Journalists must not incite hatred when covering events around Karabakh

Read on the website Vestnik Kavkaza

Some journalists work unprofessionally in covering the situation in the Karabakh conflict zone, the writer and historian Alexander Goryanin said at a press conference held in Moscow titled ‘Fragile truce in the Karabakh conflict zone: how to keep the peace?'

"The journalists who cover the events do not like to read what they do not like, do not know how to read a map. Their illiterate statements make people think that journalists are one of the instruments for the maintenance of the conflict. The Karabakh conflict began with a war of historians. Do you remember the book of Zori Balayan, ‘Hearth’? It was imbued with hatred for Azerbaijanis. It was published in 1984, when it seemed that nothing could pass the censor. Silva Kaputikian and others were adding fuel to the fire. It is not journalists who start wars. But they do everything so war can be started, and then it is difficult to extinguish it, because they incite hatred in ordinary, simple people who believe a respected person, who are turning to them from the screen,’’ Goryanin said.

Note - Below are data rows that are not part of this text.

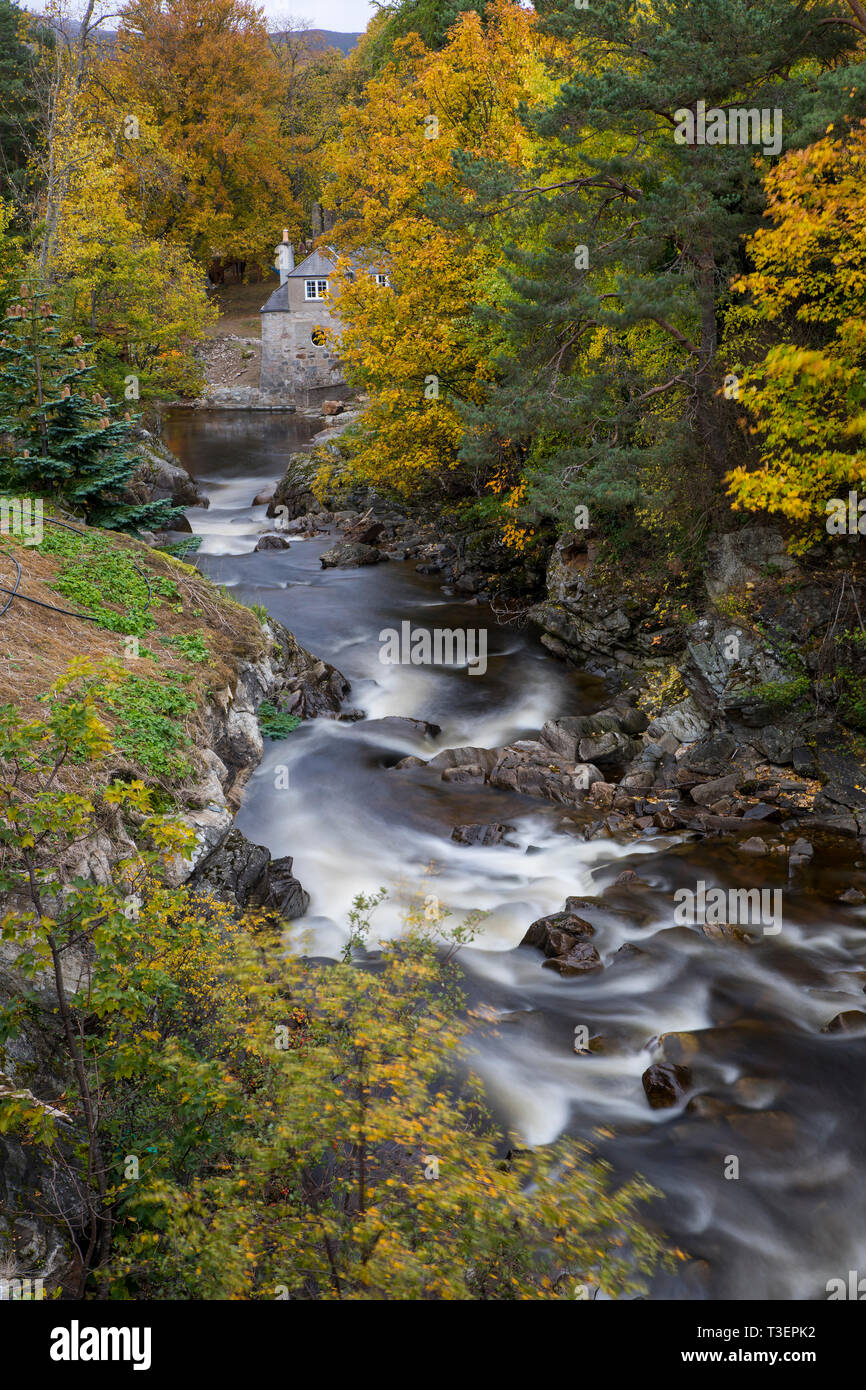 Braemar ; rivière Dee ; Ecosse ; UK Banque D'Images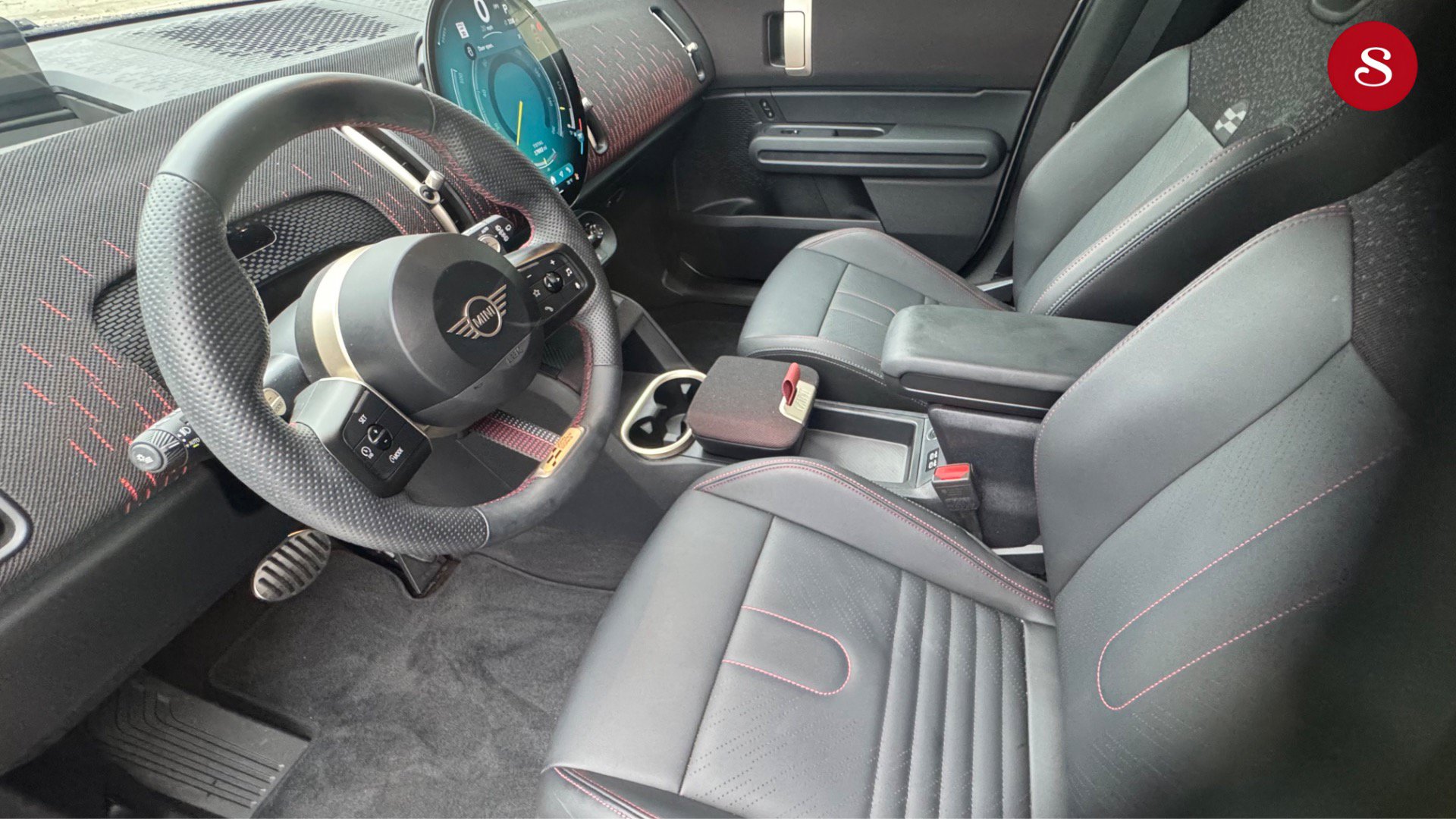 Used 2025 MINI Cooper Countryman John Cooper Works w/ Comfort Package Max AWD/4WD image 16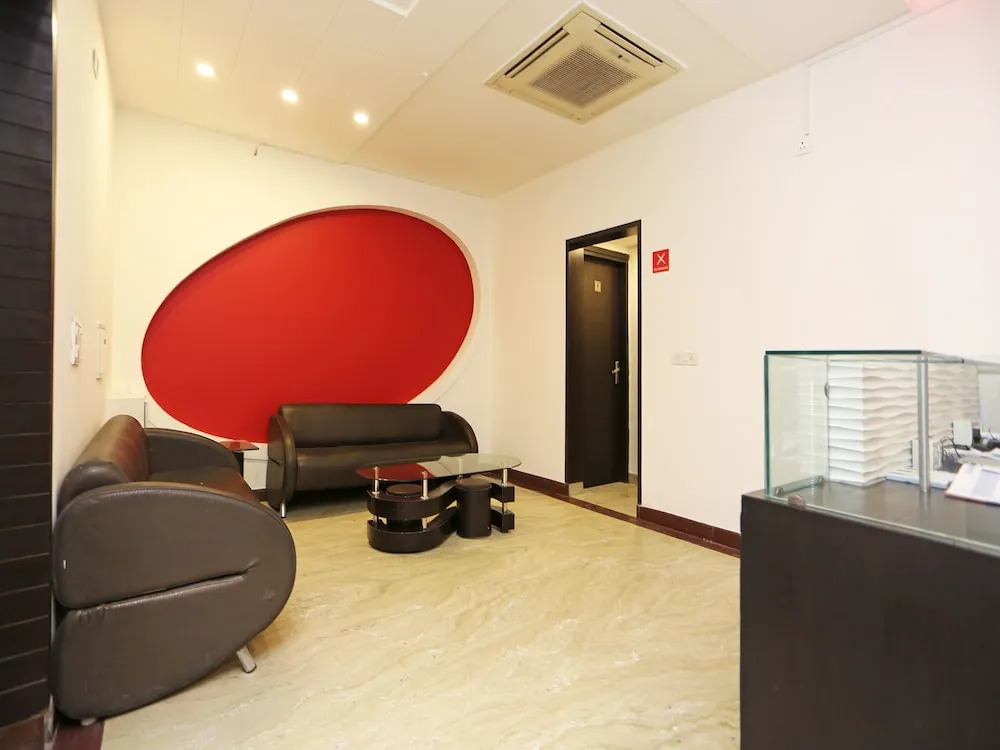 OYO Townhouse 281 Harsh Vihar Near M2K Cinemas Rohini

In connection with the latest events around Karabakh there have been several talk shows on Russian television. "Everyone was shouting excitedly that this is Turkey's fault, Turkey is muddying the waters. There is no evidence of this, it is just a hypothesis. It reminds me of the end of the 1980s, when it started. Journalists cannot be retrained. Still, I think we need to refer to them sometimes with a call to be a little more careful in their assessments and not to incite hatred," the historian said.